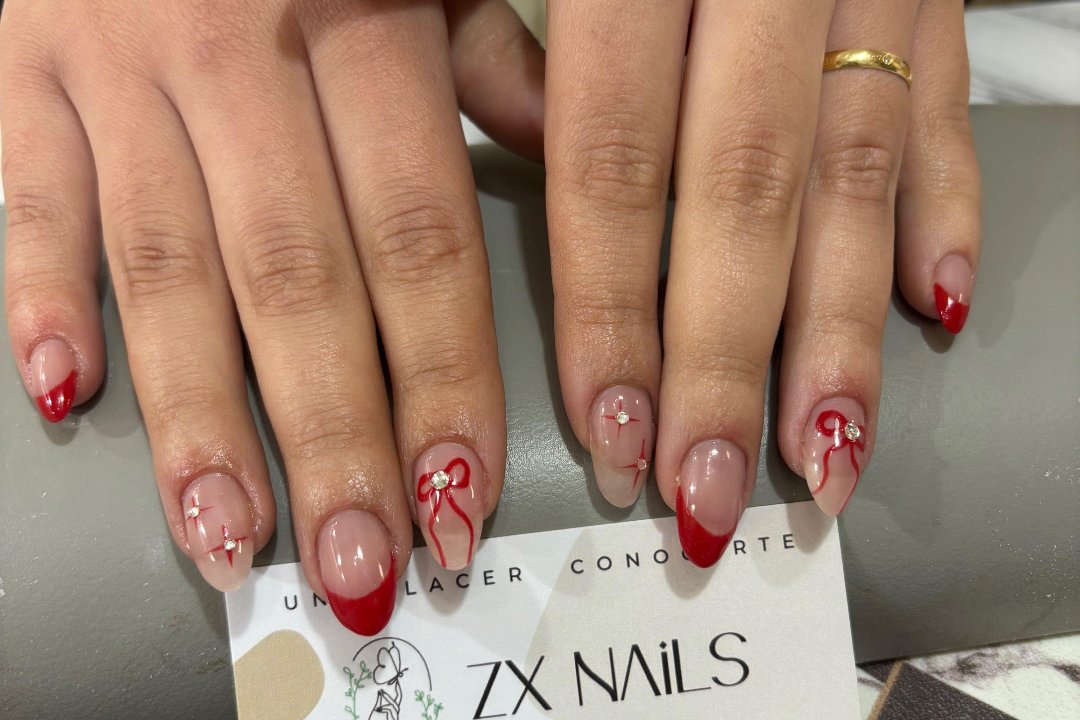 ZX Nails, Plaça de Sanllehy, Barcelona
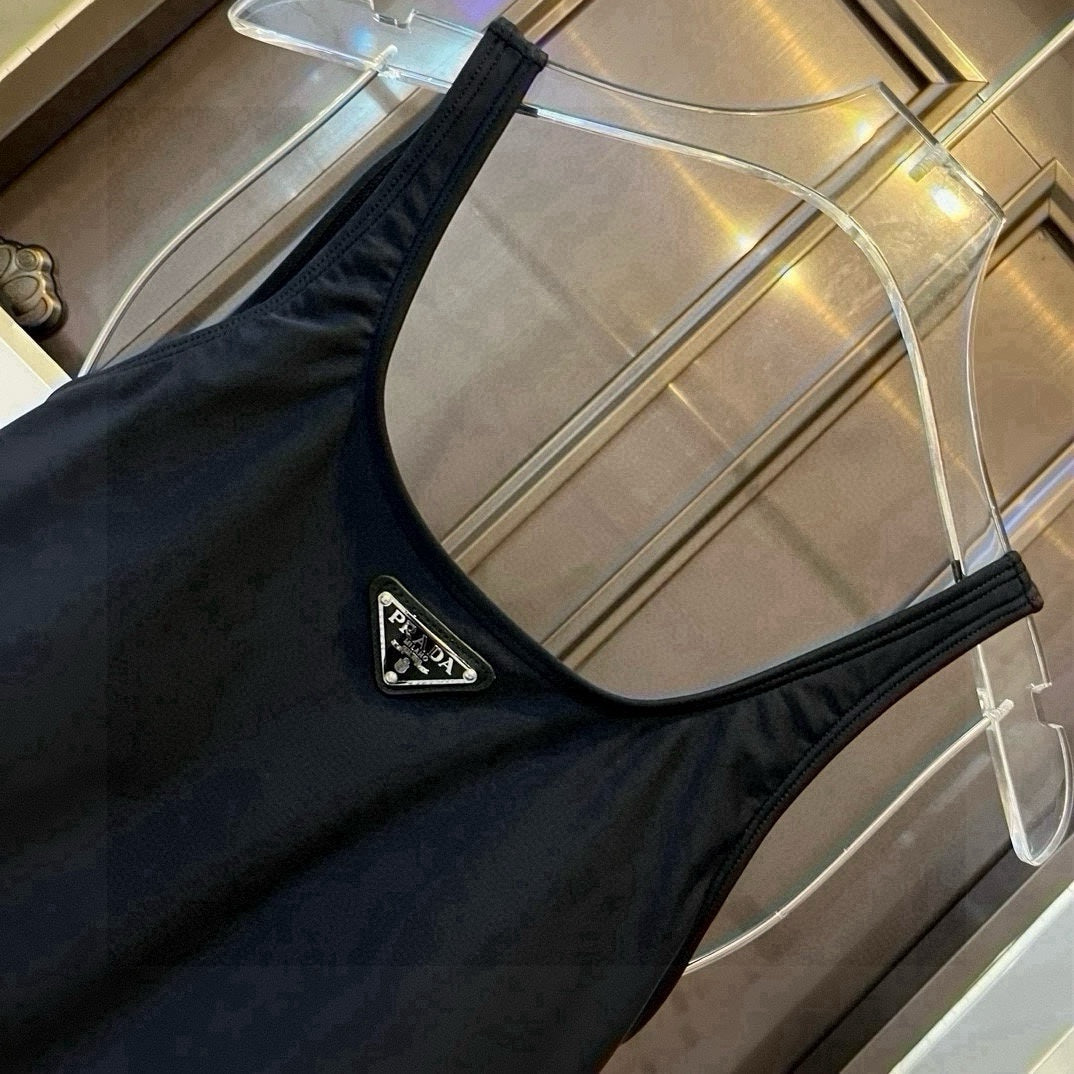 25 new summer one-piece swimsuits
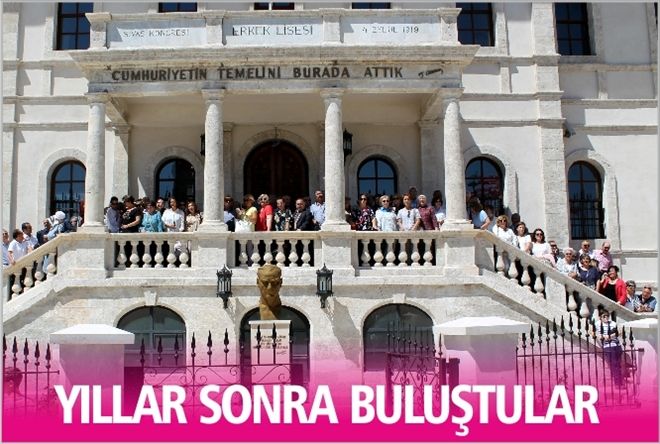 YILLAR SONRA  BULUŞTULAR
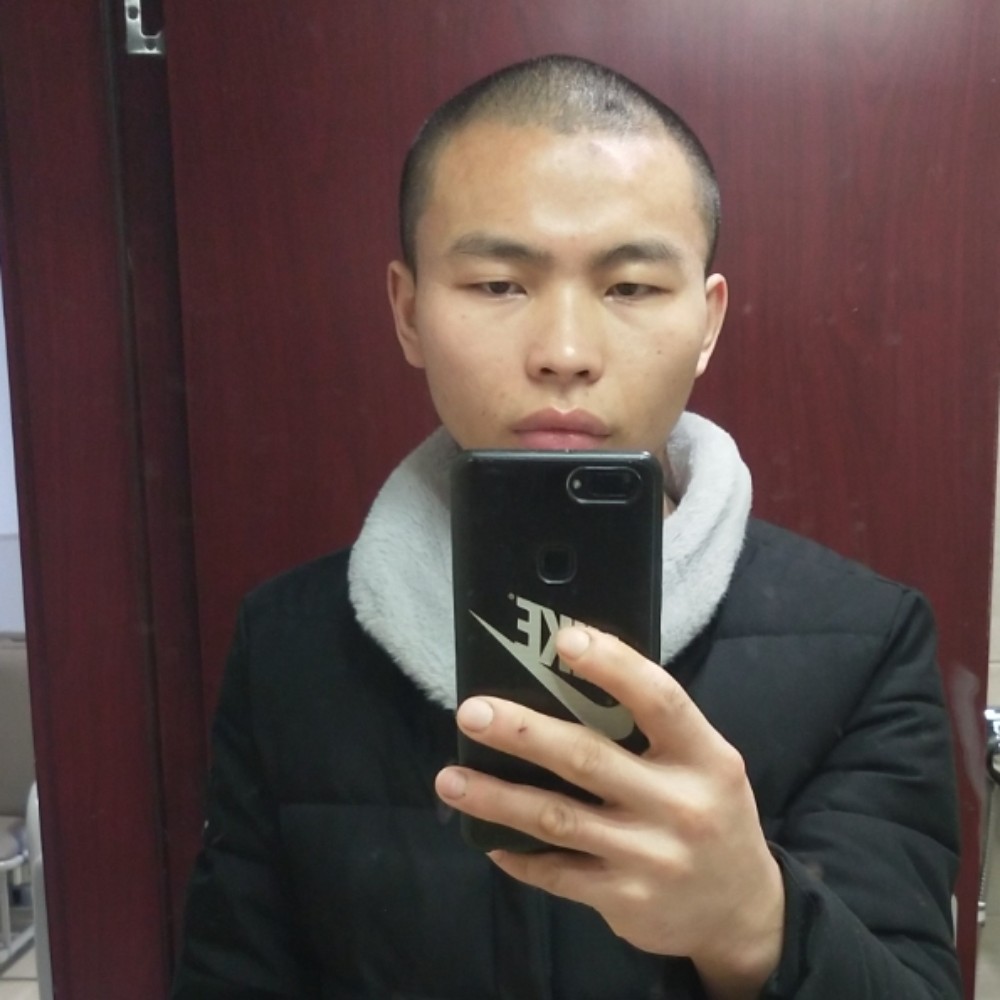 周二歪的照片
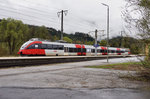 4024 113-5 als S1 4228 (Greifenburg-Weißensee - Friesach), am 9.4.2016 in Greifenburg-Weißensee.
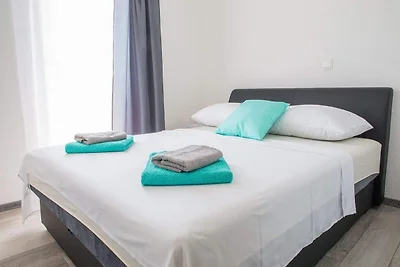 Holiday Home J&D No.3-Six Bedroom House  with...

· · · · · · ·

Output the line containing "25 new summer one-piece swimsuits" along with every line after it to the end of the material, exactly as written, but without pictures.

 25 new summer one-piece swimsuits
 YILLAR SONRA  BULUŞTULAR
 周二歪的照片
 4024 113-5 als S1 4228 (Greifenburg-Weißensee - Friesach), am 9.4.2016 in Greifenburg-Weißensee.
 Holiday Home J&D No.3-Six Bedroom House  with...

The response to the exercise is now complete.